• Activity:
Where the listing below has a line with "Traumhaftes Abendkleid in", write out exactly that line and every line after it, stopping after the line with "Newton Ct, Liverpool".

• Material for this task:
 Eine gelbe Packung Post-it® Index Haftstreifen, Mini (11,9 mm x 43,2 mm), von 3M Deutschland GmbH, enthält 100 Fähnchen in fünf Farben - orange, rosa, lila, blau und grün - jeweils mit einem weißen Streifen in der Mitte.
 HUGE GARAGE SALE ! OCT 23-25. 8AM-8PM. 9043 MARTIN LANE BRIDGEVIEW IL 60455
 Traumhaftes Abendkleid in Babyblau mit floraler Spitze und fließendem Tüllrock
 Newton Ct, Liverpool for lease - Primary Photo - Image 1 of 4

---

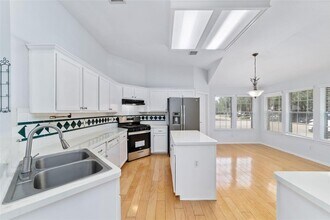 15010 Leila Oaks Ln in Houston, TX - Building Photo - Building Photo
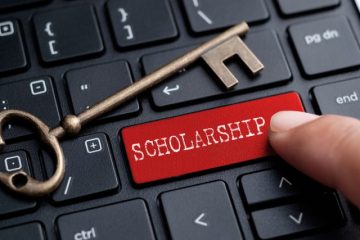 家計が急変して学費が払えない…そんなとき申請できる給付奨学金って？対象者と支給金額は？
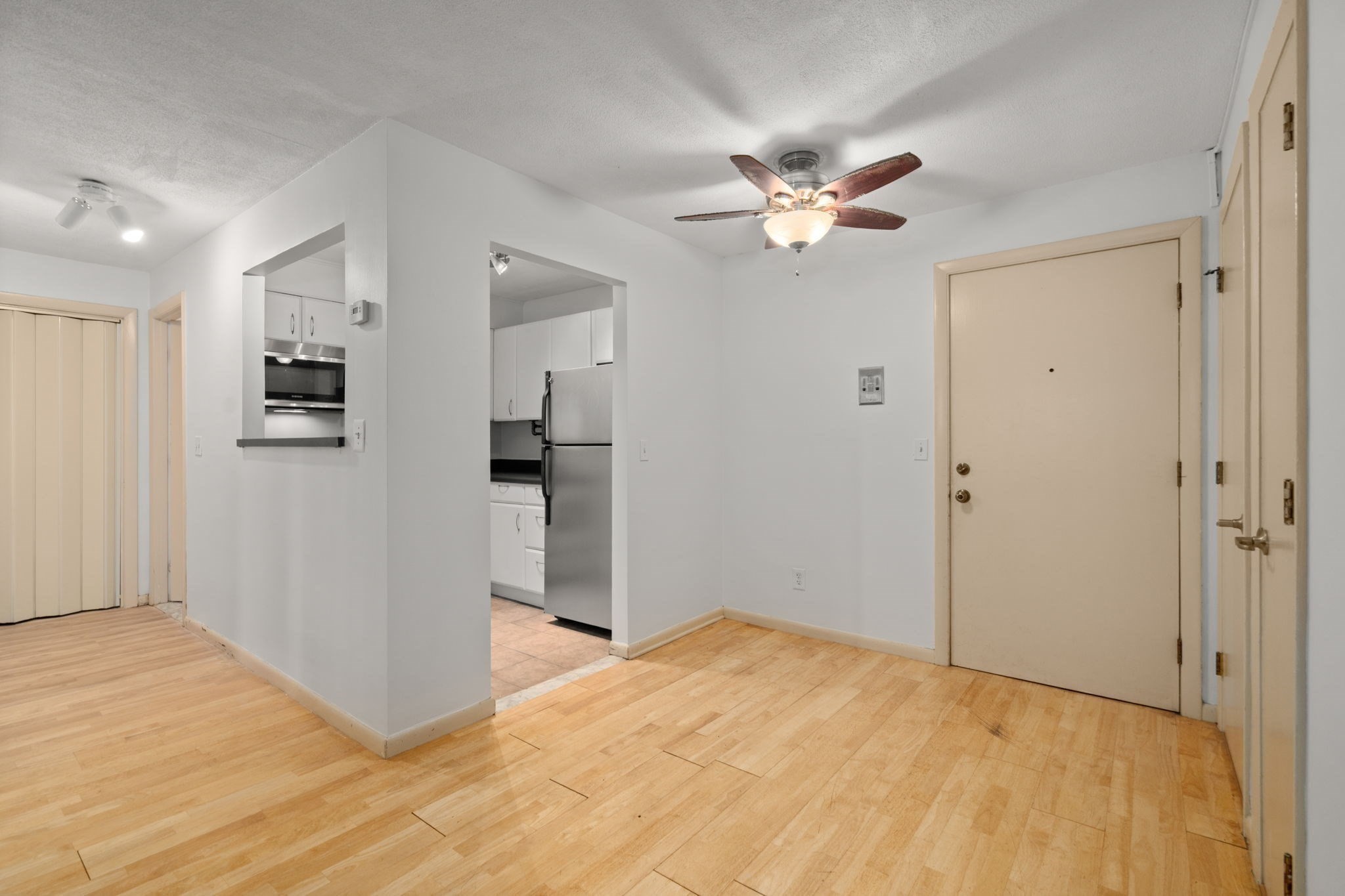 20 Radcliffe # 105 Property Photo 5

• Result for this exercise:
 Traumhaftes Abendkleid in Babyblau mit floraler Spitze und fließendem Tüllrock
 Newton Ct, Liverpool for lease - Primary Photo - Image 1 of 4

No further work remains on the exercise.